◆ **Directions**:
From the line that contains "Budget Burgundy Wedding" down to the last line of the listing below, reproduce each line exactly but not the pictures.

◆ **Collected data**:

________________________

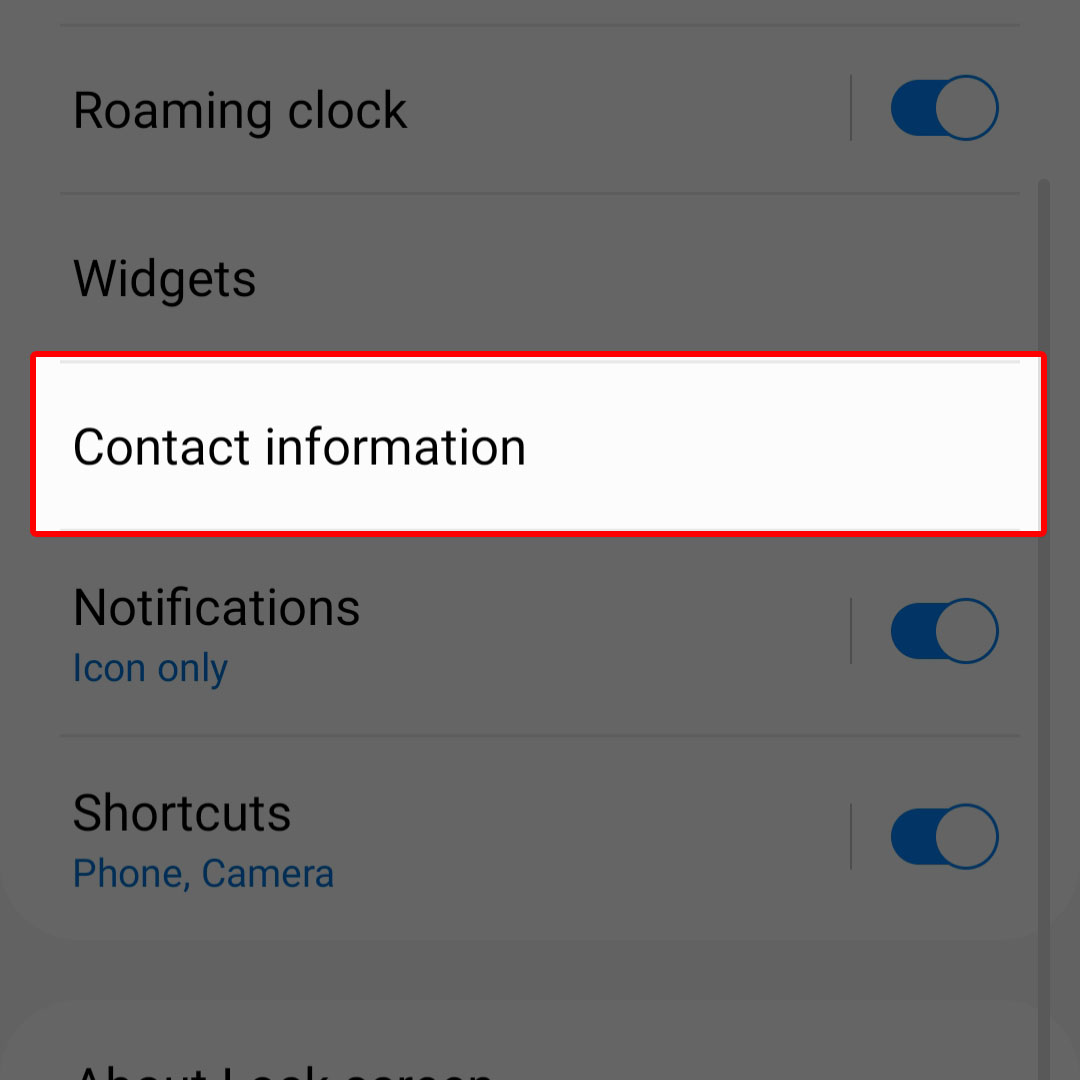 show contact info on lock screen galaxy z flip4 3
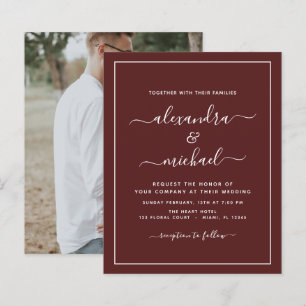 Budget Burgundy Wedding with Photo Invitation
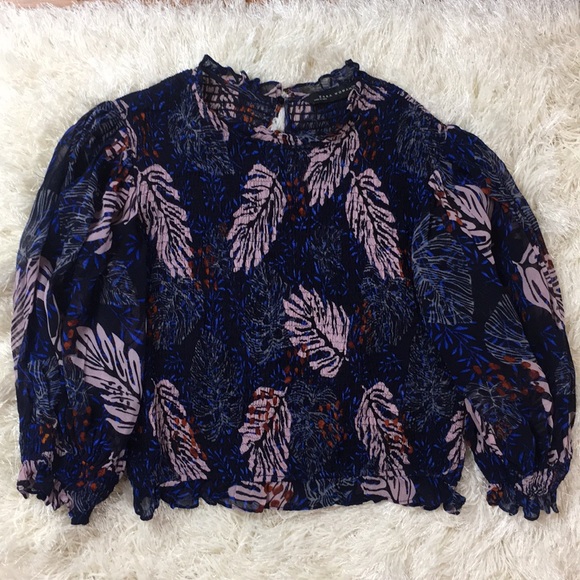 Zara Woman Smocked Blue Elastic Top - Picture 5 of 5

________________________

◆ **Result of the task**:
 Budget Burgundy Wedding with Photo Invitation
 Zara Woman Smocked Blue Elastic Top - Picture 5 of 5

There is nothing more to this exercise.